Tuesday, October 02, 2012
VIFF 2012: A Mere Life
The Vancouver International Film Festival's annual Dragons & Tigers competition has an impressive pedigree, honoring young filmmakers over the years such as Jia Zhangke, Hong Sangsoo, Koreeda Hirokazu, Lee Changdong, Wisit Sasanatieng and Liu Jiayin. I think I'm going to make it to about half the competition films this year, and this film by Park Sanghun is the first. It's an unrelentingly grim movie that I'm surprised to find I actually liked quite a bit, given that I don't normally warm to dark or depressing movies.
It starts off with a family visiting a Buddhist shrine.
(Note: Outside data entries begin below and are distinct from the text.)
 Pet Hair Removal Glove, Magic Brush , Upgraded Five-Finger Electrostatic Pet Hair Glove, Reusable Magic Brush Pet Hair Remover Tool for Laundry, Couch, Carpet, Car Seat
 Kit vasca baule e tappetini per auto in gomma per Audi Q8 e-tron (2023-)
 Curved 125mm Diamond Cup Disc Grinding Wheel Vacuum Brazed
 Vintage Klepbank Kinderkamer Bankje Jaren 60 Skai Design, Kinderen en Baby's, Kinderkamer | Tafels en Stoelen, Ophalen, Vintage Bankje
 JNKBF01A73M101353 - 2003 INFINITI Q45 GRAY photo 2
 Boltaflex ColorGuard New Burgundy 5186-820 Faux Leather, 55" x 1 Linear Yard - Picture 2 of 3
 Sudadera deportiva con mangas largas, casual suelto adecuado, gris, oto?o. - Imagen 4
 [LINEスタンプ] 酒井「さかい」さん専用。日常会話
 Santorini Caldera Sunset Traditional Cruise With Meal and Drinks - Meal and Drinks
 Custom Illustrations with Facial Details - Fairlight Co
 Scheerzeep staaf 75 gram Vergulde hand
The mother encourages her son to help her place a stone on top of a rock pile (the act has a religious significance of which I'm wholly ignorant). When the precariously balanced pile collapses, the mother does a comical double take and runs away, leaving her exasperated husband (named Park Il-rae) to rebuild the pile (or face karmic wrath?, again, I'm ignorant). That's about the last bit of light comedy the film has to offer. From there, it becomes a grunge-realist story of poverty and the husband's drunken incompetence that comes to a head when he is scammed out of their savings and brings some poison home.
It's here that the film takes an unexpected turn. It certainly is a bold choice to have your main character murder his wife and child halfway through your movie, and Park doesn't shy away from the horror or detestability of that act. But that's not the end of the story either. Instead of making a film about how simply awful it is to be poor and married to a drunk, Park gives us something I haven't quite seen before, a story about an irredeemable man that asks us not only to understand but to try to forgive him. It asks the rare question, what do you do after you've committed an unforgivable act? Park Il-rae sentences himself to walking the earth as a destitute wretch, while he keeps trying and failing to kill himself. His father tracks him down (a striking fire-lit scene as the father burns all of Park's meager possessions in his troll-like under-the-bridge home) and tries to kill him but dies of a heart attack instead. He tries to hang himself, but the rope breaks. We leave him wandering aimlessly alone in a desolate grey mudflat, shot with a nauseatingly unstable shaky cam. Death would be too good for him, so karma (or whatever) simply won't let him die. It's not simply that life is his punishment, I get the feeling he'll be left to wander until he finds forgiveness, from the people he's killed, from himself, and from us.